Pendinginan itu terjadi karena belerang oksida yang dilepaskan gunung api ke atmosfer akan berikatan dengan air hingga membentuk kabut tipis yang memantulkan sinar Matahari yang menuju permukaan Bumi. Akibatnya, paparan panas Matahari ke Bumi pun berkurang hingga menurunkan iklim Bumi.
Meski demikian, di luar persoalan pemanfaatan citra satelit letusan gunung api bawah laut Tonga tersebut, hal paling penting yang harus dilakukan sekarang adalah memantau kerusakan yang terjadi, baik akibat sebaran abu vulkanik maupun tsunami yang menyertai. Proses penyelamatan dan tanggap darurat bagi penyintas bencana harus segera dilakukan.
Untuk itu, sejumlah satelit pemantau Bumi beresolusi tinggi dikerahkan untuk memantau kondisi dampak kerusakan di Tonga.
Satelit Indonesia
Indonesia sebagai negara dengan kerawanan bencana sangat tinggi dan memiliki segala bentuk bencana alam sebenarnya juga membutuhkan satelit-satelit pemantau Bumi. Satelit itu diharapkan tak hanya bisa digunakan untuk mendeteksi dan menangani bencana, namun juga sarana komunikasi saat bencana karena seringkali jaringan telekomunikasi di daerah bencana ikut terdampak bencana.
Pada 2019, Kementerian Riset, Teknologi dan Pendidikan Tinggi yang kini menjadi Badan Riset dan Inovasi Nasional telah menggagas pengembangan satelit komunikasi orbit rendah sebagai prioritas riset nasional. Satelit yang dihasilkan diharapkan bisa mendeteksi bencana dan penanganan bencana, termasuk sebagai sarana komunikasi selama bencana.
Untuk mewujudkan ambisi itu, seperti dikutip Kompas, 31 Maret 2021, Pusat Teknologi Satelit Lembaga Penerbangan dan Antariksa Nasional atau kini Pusat Riset Teknologi Satelit BRIN menyebut dibutuhkan sembilan satelit dengan orbit ekuatorial untuk diletakkan di orbit rendah. Dana yang dibutuhkan sebesar Rp 901 miliar dan akan dilaksanakan pada tahun 2020-2024.
Namun, pandemi Covid-19 dan penataan semua lembaga riset pemerintah menjadi BRIN mengubah banyak rencana. Hingga kini, nasib dan pendanaan program pengembangan satelit komunikasi orbit rendah menjadi tidak jelas.

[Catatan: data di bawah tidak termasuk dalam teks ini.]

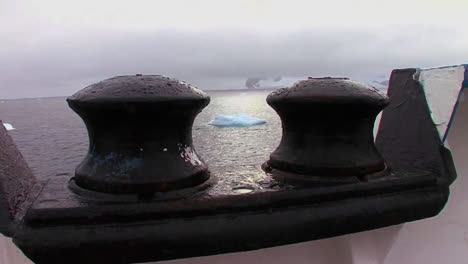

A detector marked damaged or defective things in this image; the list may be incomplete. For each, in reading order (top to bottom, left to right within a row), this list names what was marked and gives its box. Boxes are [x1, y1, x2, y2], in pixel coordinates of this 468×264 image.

rusty bollard post [66, 74, 212, 196]
rusty bollard post [266, 77, 390, 185]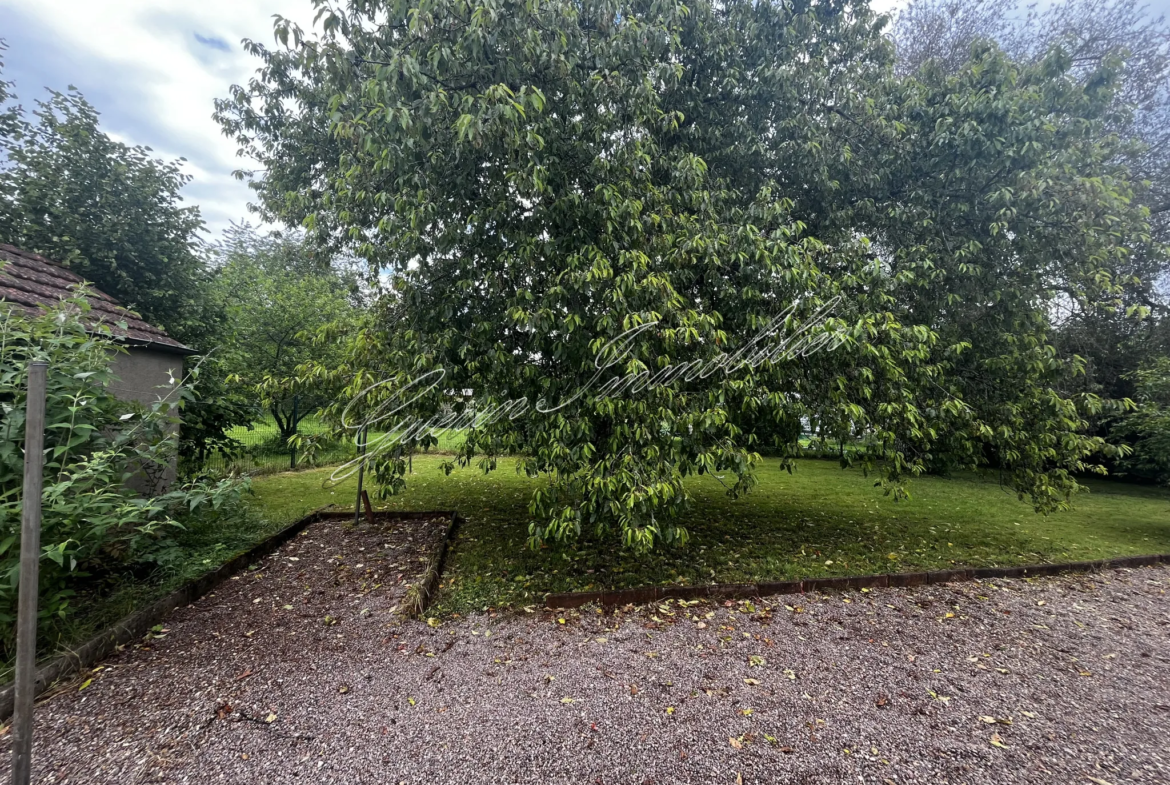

Sebagai bangsa yang besar dengan ekonomi terus tumbuh, sudah sewajarnya Indonesia ikut bersaing dalam perlombaan teknologi antariksa, terutama satelit. Selain itu, wilayah kepulauan yang luas dan jumlah penduduk besar membuat pengembangan satelit akan berdampak besar bagi pengembangan ekonomi berbasis inovasi.
Sudah saatnya Indonesia bangsa ini mandiri dalam teknologi satelit karena kebutuhan pasar dalam negeri akan terus membesar. Sejak 1976 saat Indonesia menjadi negara ketiga di dunia yang menggunakan satelit komunikasi hingga saat ini, semua satelit disewa, diproduksi dan diluncurkan dari negara lain.
Terwujudnya kemandirian satelit ini akan berdampak besar bukan hanya pada ekonomi, tetapi juga kebanggagan bangsa. Capaian ini bisa menginspirasi anak muda untuk mau menekuni sains dan teknologi, khususnya yang terkait dengan antariksa.